There is a section entitled ‘Not knowing what works’, which is to misrepresent and simplify the mechanics not just of commissioning but public policy more generally.  Public policy is not as simple as identifying a problem and then implementing a solution.  Any issue will be fused with others, and any ‘solution’ will affect not only that one issue but those others too.

And in any case, it’s not that commissioners don’t know what works; it’s that this can’t be represented as an ‘intervention’, or even a set of interventions, that can be managed as part of contracts.  This model of ‘commissioning for outcomes’ imagines a world of unilinear causality (if that’s a phrase): somewhere we you can pull a lever somewhere in the machine that is society, and then monitor and note the effects.  But society isn’t a machine, and policies and interventions aren’t levers.

What ‘works’ in addressing substance misuse, for example, is a complex mixture of housing, employment, relationships, education, and any number of other factors that most people would simply refer to as ‘life’.  No one organisation, no one ‘policy intervention’ can produce the relevant ‘social outcome’, to use the language of the report.

To be fair to the authors, they acknowledge that part of the problem is that the social world is ‘extremely complex’.  But they still conclude the section by suggesting that there is a solution to this, and that it is ‘greater development of the knowledge base and better dissemination of existing expertise’, with the development of ‘what works’ centres seen as ‘a positive step’ (p.14).

That is, the problem is framed as one of ‘knowledge’: if only we did more research, we could develop the magic lever.

Instead, I’d suggest, we’d have better public policy if we realised that striving for perfect knowledge is futile as there are no magic levers, and the question we should be asking cannot be as simple as ‘what works’.

As such, the approach of this report and others can feel like a lament about the fact that the world doesn’t fit into boxes or categories, or that people don’t behave in easily modelled ways.  When the report complains of the reality of STPs (p.35), this isn’t the fault of the idea of STPs, and it’s not something that a policy or structure can address; it’s simply poor management and people not doing their jobs terribly well.  When, on the same page, the authors describe the tension between ‘what works’ and what the voting public want, we’ve got to the heart of the matter.  Policy isn’t, can’t be, and shouldn’t be, simply about ‘what works’.

And just as there no magic ‘intervention’ that ‘works’, there is no ideal structure for public services.  The report laments ‘the cost of fragmentation’ (p.20), but the fact is that the idea of seamless integration, or a definitive structure, is a chimera.  The cake has to be cut somewhere, and there are pros and cons associated with every option.  Anyone who has observed health policy for more than four years or so will notice the incessant back and forth of the size of administrative units.  The grass may always seem greener, but it’s as if people are actually hankering after flowers that even the greenest of grass won’t produce.

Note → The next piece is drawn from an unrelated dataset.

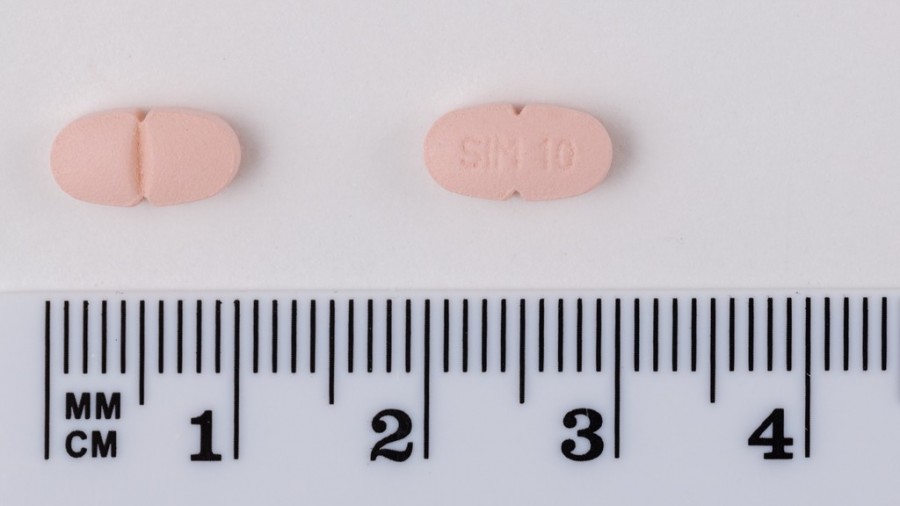 SIMVASTATINA SANDOZ 10 mg COMPRIMIDOS RECUBIERTOS CON PELÍCULA EFG , 28 comprimidos fotografía de la forma farmacéutica.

A case in point is public health.  The report complains that locating public health departments in local authorities ‘has stood in the way of integration elsewhere in the NHS’, but equally locating its ‘prevention’ function in the NHS would hamper its ability to shape key influences on health that sit within local authorities, like transport, housing, planning, licensing, schools, and so on.

Fundamentally, there is no ideal policy on this, and yet the report uses the word ‘integrated’ as if it simply means ‘good’ when there will inevitably be choices of what and how to ‘integrate’, and there will be pros and cons to any approach.  Setting aside the fact that ‘the NHS’ doesn’t really exist as an institution for a department to integrate with, we’d have to acknowledge that public health departments can either be ‘integrated’ with local authorities or ‘the NHS’ – unless of course you’re planning ‘integration’ of the whole set of public services.  But rather than cutting the Gordian knot, this would create one, with different strands of complexity inextricably linked to one another.  And even in that extreme example there would be a dividing line: we’d still have to decide what elements of life are ‘public’ and what ‘private’.

But at points in the document it really does seem that the authors imagine a world without boundaries or departments – of otherworldly ‘integration’.  In fact the language is oddly spiritual, suggesting public services should ‘transcend’ current service boundaries (p.25).  I can only assume they are imagining an all-encompassing ‘service’ (or ‘intervention’?), ‘commissioned’ presumably by some overarching ‘public commissioner’ – a leviathan of the police, community safety, social care, healthcare, transport, and so on ad infinitum.

To go back to a cake metaphor, it might seem like I’m having my cake and eating it – that I’m asking the impossible of the report’s authors as I criticise them for failing to provide a solution to a problem I think is intractable by definition.  But that’s not quite what I mean.  I’m criticising them for noting the complexity of the world and attacking commissioners for simplifying it, before they go on to simplify it in their own way, which is no more intellectually or practically justifiable.

Life is complex, and can be understood and arranged in an infinite number of ways.  None of these ways is perfect, and the reality is simply hard work on the ground, not a magical policy or structure being delivered by government, policymakers or a think tank.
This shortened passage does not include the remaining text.